This release adds two new parameters to the deploy
action:
--ignore warnings
If your cluster is undersized or the service's deployment options are not optimally set, the cluster
might be incapable to run blue-green-deployments. In this case, you might see errors like these:
ERROR: (service my-service) was unable to place a task because no container instance met all of
its requirements. The closest matching (container-instance 123456-1234-1234-1234-1234567890) is
already using a port required by your task.

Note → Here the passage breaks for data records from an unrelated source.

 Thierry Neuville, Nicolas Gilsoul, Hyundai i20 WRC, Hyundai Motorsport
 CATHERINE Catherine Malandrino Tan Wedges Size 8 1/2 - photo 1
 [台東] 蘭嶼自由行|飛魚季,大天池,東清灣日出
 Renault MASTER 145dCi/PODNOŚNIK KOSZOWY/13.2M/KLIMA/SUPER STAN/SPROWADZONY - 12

For more information, see the Troubleshooting
section of the Amazon ECS Developer Guide.
There might also be warnings about insufficient memory or CPU.

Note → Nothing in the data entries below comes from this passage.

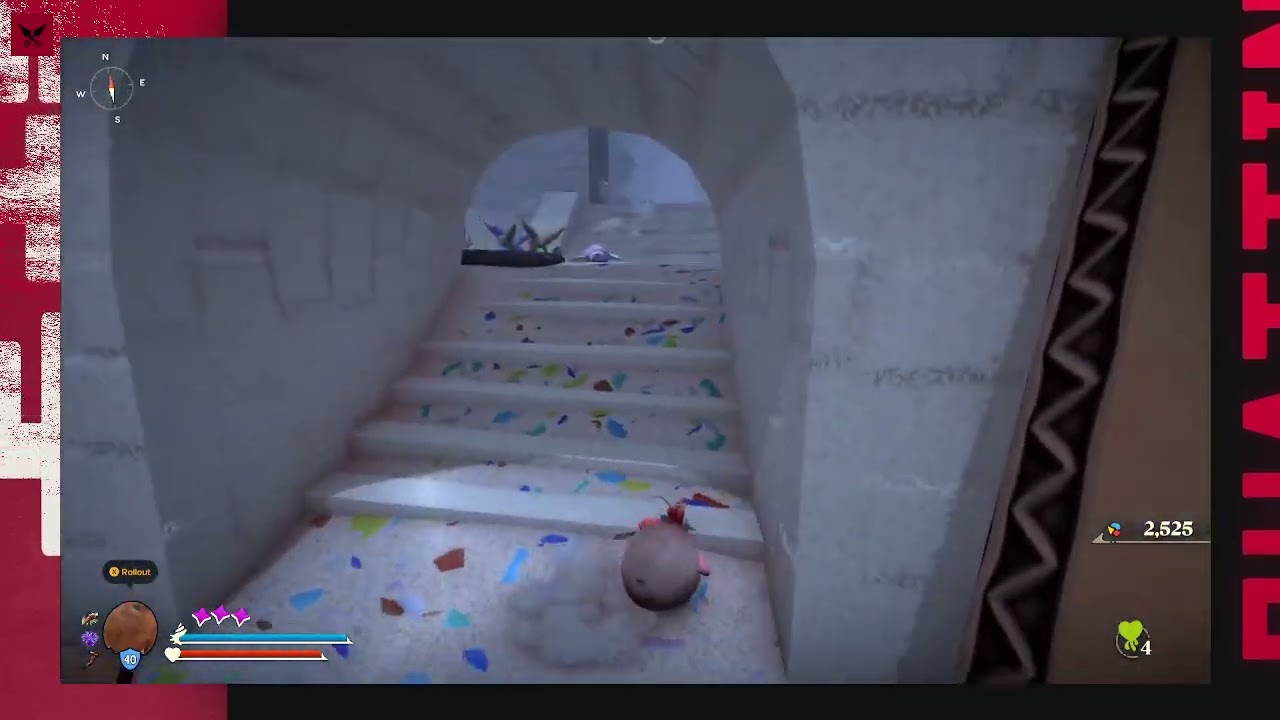 Another Crab's Treasure Pt.02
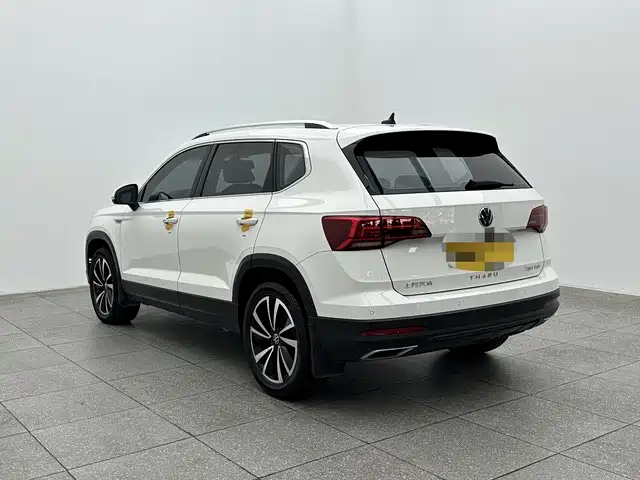 Volkswagen Tharu 2021 280TSI 2WD Luxury Plus фото 4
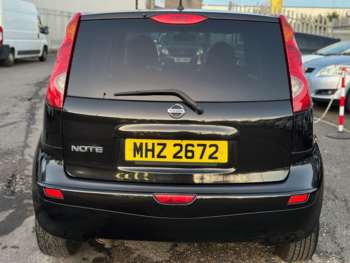 Used Nissan Note 2009 for sale - 73016322: Photo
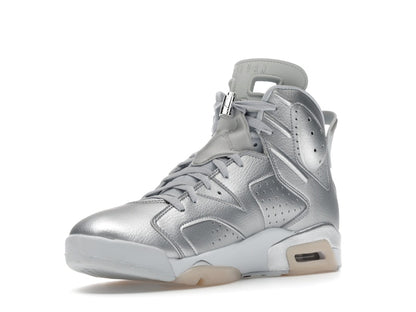 Jordan 6 Retro PSG Paris Saint-Germain Silver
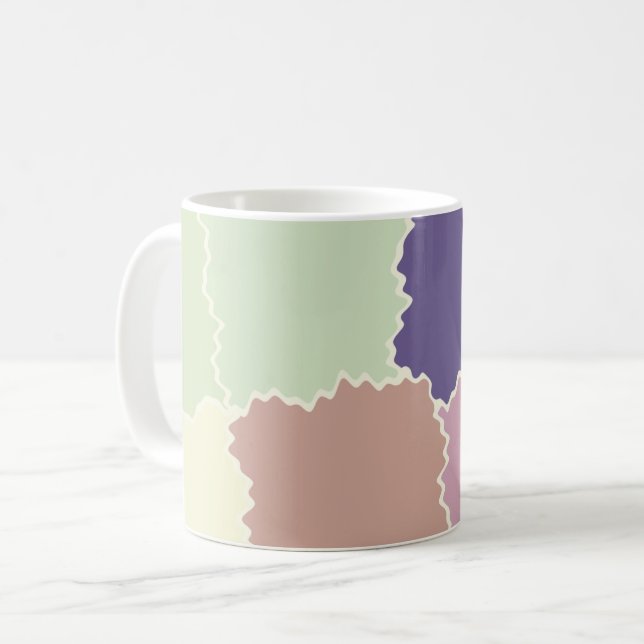 Farbkombo Kaffeetasse (Vorderseite Links)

To ignore these warnings, you can run the deployment with the flag --ignore-warnings
$ ecs deploy my-cluster my-service --ignore-warnings
In that case, the warning is printed, but the script continues and waits for a successful
deployment until it times out.
--task
To deploy any task definition (independent of which is currently used in the service), you can use the --task
parameter. The value can be:
A fully qualified task ARN
$ ecs deploy my-cluster my-service --task arn:aws:ecs:eu-central-1:123456789012:task-definition/my-task:20
A task family name with revision
$ ecs deploy my-cluster my-service --task my-task:20
Or just a task family name. It this case, the most recent revision is used
$ ecs deploy my-cluster my-service --task my-task
Important
ecs
will still create a new task definition, which then is used in the service.
This is done, to retain consistent behaviour and to ensure the ECS agent e.g. pulls all images.
But the newly created task definition will be based on the given task, not the currently used task.